As my time at home comes to a close, I’m full of mixed emotions. It has been such a wonderful trip home. From learning about the stock market to sewing with Mum to reading. It just feels like a rejuvenation on all levels.
I had a very peculiar dream the other day. A lot of the book I’ve been reading lately, about the psychological study of luck, is about letting go of your more base feelings. Anxiety and fear, hate and despair. I used to almost ritually hold onto these feelings. I’d loathe people and embrace my dislike of them. I’d see people on Facebook, even close friends, and I’d feel very jealous of them. Jealous of their successes and relationships. I would know, even as I was having these feelings, that I shouldn’t. That I should feel happy for them. But something blocked me.
Perhaps it was a difficult childhood and adolescence. Perhaps it was the naturally selfish attitude I possess. I’m not sure.
But the other day, I dreamed there was a giant light above my bed. It was a cluster of crystals, the points pointing down. As I slept, I watched all the darkness inside me flow from my body up into the light, into the shards and facets. I looked down upon myself, my mental body separate from my physical.
I saw visions of people who I had felt angry or frustrated towards. One, in particular, was an acquaintance of mine. A “model” (she takes a lot of selfies and puts them on Facebook, how this makes her a professional model I’m not sure). Every time I see one of her narcissistic, delusional updates I feel angry. I want to pull her out from this ridiculous fantasy in which she’s spun herself and the people around her. As I dreamed of her face, I no longer felt that anger at her. I felt the need, oddly, to just support her. Perhaps I’ll message her and connect with her again, perhaps not. It was a very powerful feeling of cleansing and an almost physical manifestation of what I’ve been reading about, as though something was pulling all those mental blocks I’d created for myself away.

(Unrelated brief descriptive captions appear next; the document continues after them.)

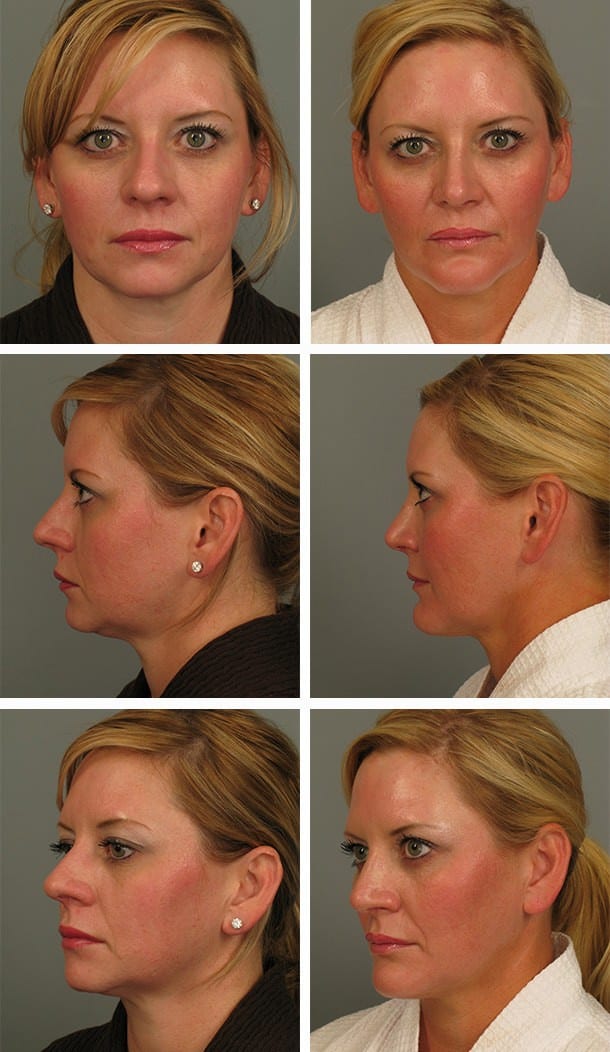 Before and After Image: Rhinoplasty - other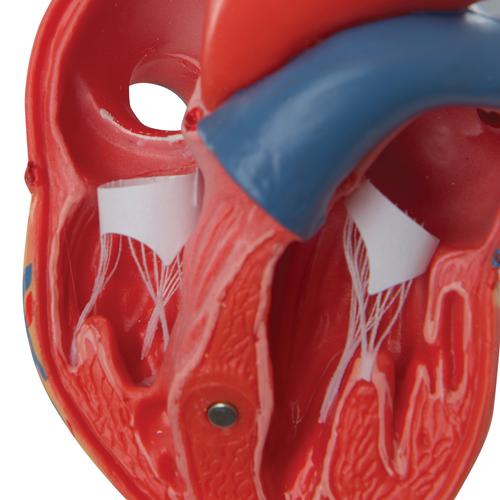 Cœur classique, en 2 parties - 3B Smart Anatomy, 1017800 [G08], Éducation Santé du Coeur et Fitness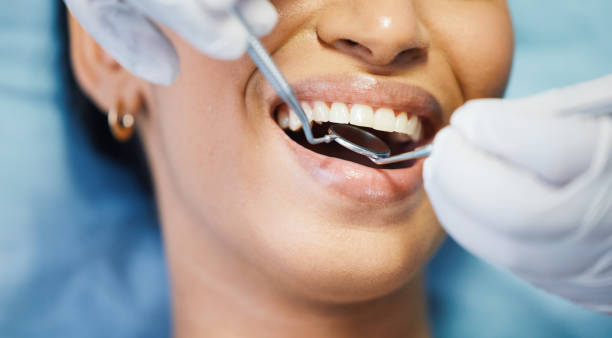 Best Emergency Treatment for Dental Infections or Abscesses in Woodside, CA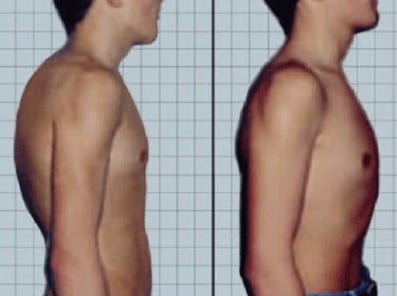 scoliosis3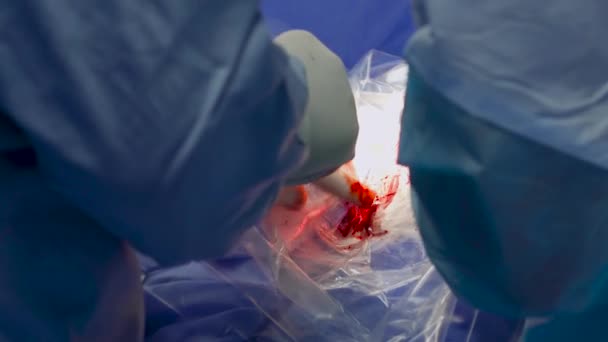 Операция хирургов, процесс в деталях — стоковое видео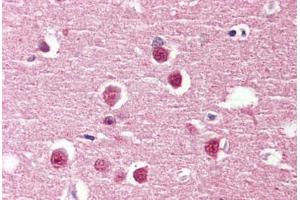 Brain, cortex, Human: Formalin-Fixed, Paraffin-Embedded (FFPE) (ADGRV1 / GPR98 Antikörper  (Internal Region))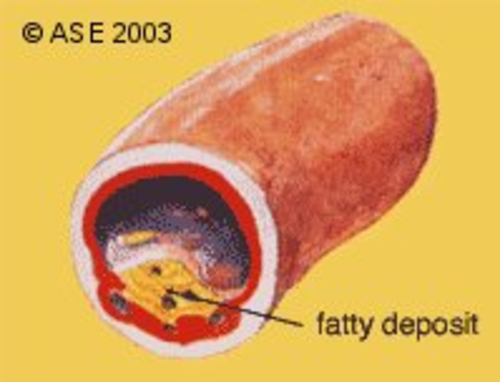Fatty Deposits in Artery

Now I don’t subscribe to a lot of spiritual practice. I undoubtedly have that side of me, but a large amount of what’s out there I view with a healthy degree of skepticism.
Perhaps the dream nwas just a dream, perhaps it was something more. I don’t claim to posess the knowledge to know either way.
But what I can say is the wonderful feelings inside me now. As though years of thinking and feelin wrongly have been awept away and I can begin the new year more alive and more positive than before. Hopefully more giving and more self-assured too.
I don’t think a break at home has been more needed, more welcome or more beneficial.